Would convert a single pre-ARD image and metadata pair to a single NetCDF4 file.

Advanced Usage

The cedar convert program has the ability to run in parallel by taking advantage of the Dask and (optionally) Distributed libraries and their integrations with the XArray library. This parallel processing option is designed to be almost invisible to the user, who only has to specify the type of Dask scheduler and the number of workers they want to use as a command line option.

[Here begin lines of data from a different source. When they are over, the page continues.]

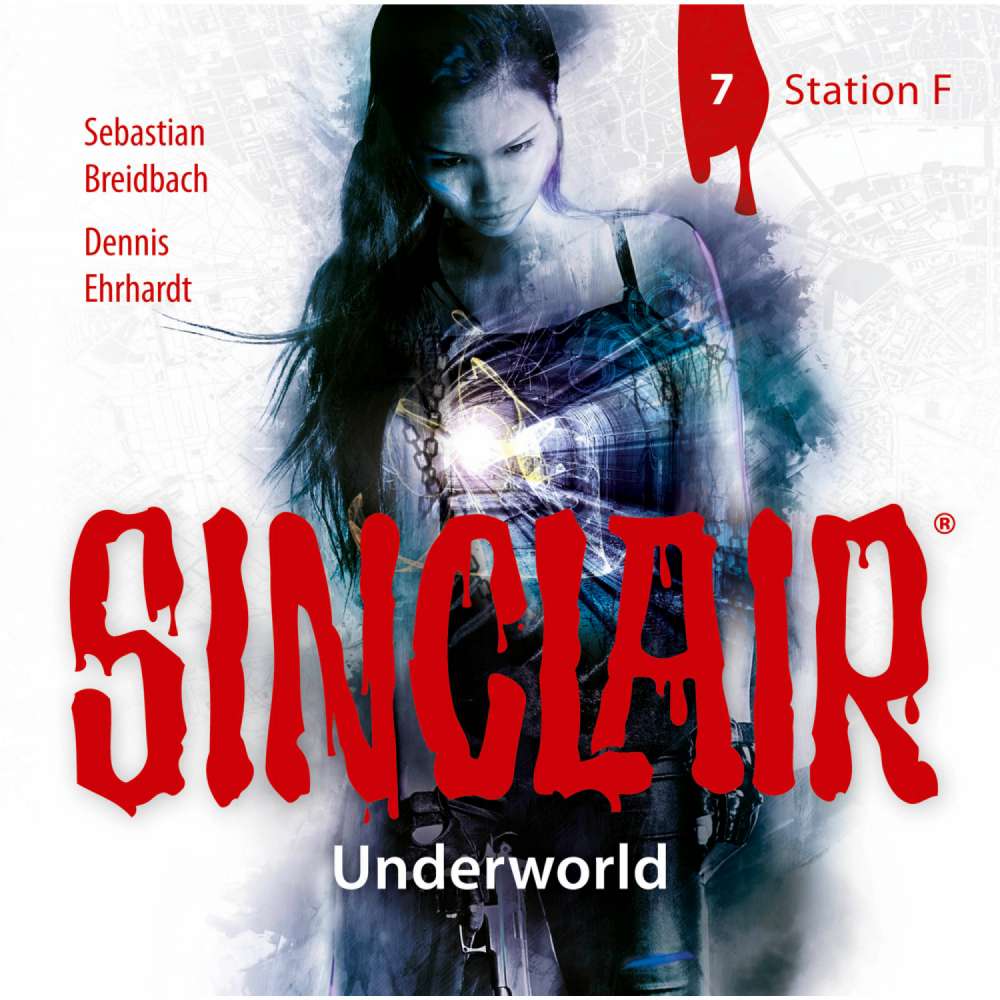 Cover von Sinclair -  Folge 7 - Station F.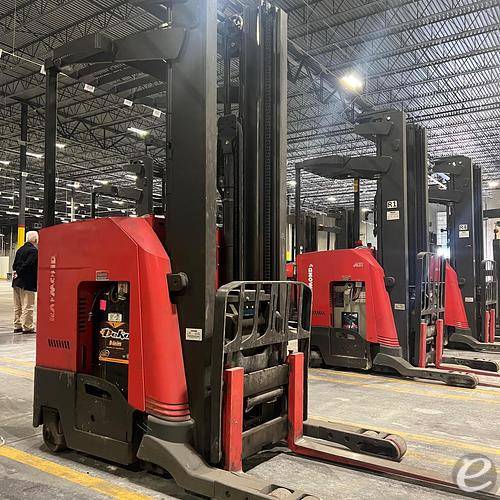 2015 Raymond 750-R45TT Electric Forklift - 123Forklift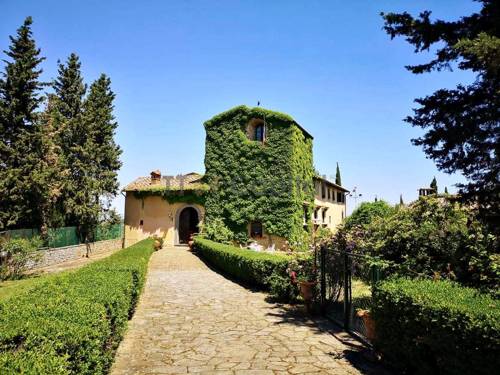 Schönes Anwesen inmitten von Weinbergen im Chianti in Tavernelle bei Montalcino - Toskana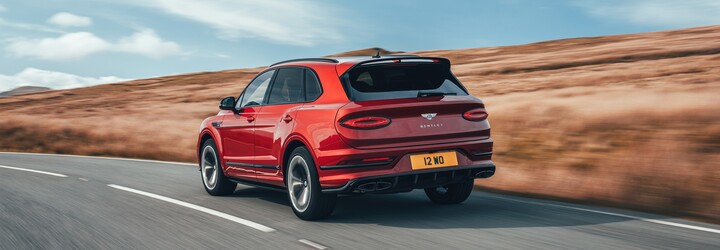 550 koní a aktívne stabilizátory robia z novej Bentaygy S tú najšportovejšiu verziu SUV od Bentley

For example, to choose the multiprocessing scheduler with 2 processes, you can run cedar convert as:

$ cedar convert \
    --executor processes 2 \
    TRACKING_2019-07-18T16:45:25.528253_h063v052

The distributed scheduler is often more desireable because of the debugging information it can provide through its Bokeh status page. To use the Distributed scheduler locally,

$ cedar convert \
    --executor distributed 2 \
    TRACKING_2019-07-18T16:45:25.528253_h063v052

This usage will start a distributed.LocalCluster with 2 workers, as described in the documentation for using Distributed on a single machine.

You may also wish to connect to an existing Dask Distributed cluster, which you can do by specifying the scheduler IP address and port instead of the number of workers:

$ cedar convert \
    --executor distributed HOSTNAME:PORT \
    TRACKING_2019-07-18T16:45:25.528253_h063v052

For more information about the choice Dask schedulers, please visit their Scheduler Overview documentation.

Note

The computation involved in converting pre-ARD to ARD is primarily either decompressing the pre-ARD or compressing and writing the ARD to the NetCDF. Because of the way we are writing the NetCDF files, we are not able to do concurrent writes without passing a file lock. As such, the conversion process does not currently benefit from parallel processing as much as it could if we could do parallel writes like other formats support (e.g., Zarr). You are strongly encouraged to analyze the performance benefits of parallel processing before running the program in parallel over your all of your data.

Tips

  • When specifying the ARD destination directory (either in the configuration file or by overriding using cedar convert --dest DEST), you may wish to use an environment variable for the root destination directory. This variable will be expanded before determining the destination path. Using environment variables is common for batch processing because it allows you to manipulate variables or other data without modifying the config file.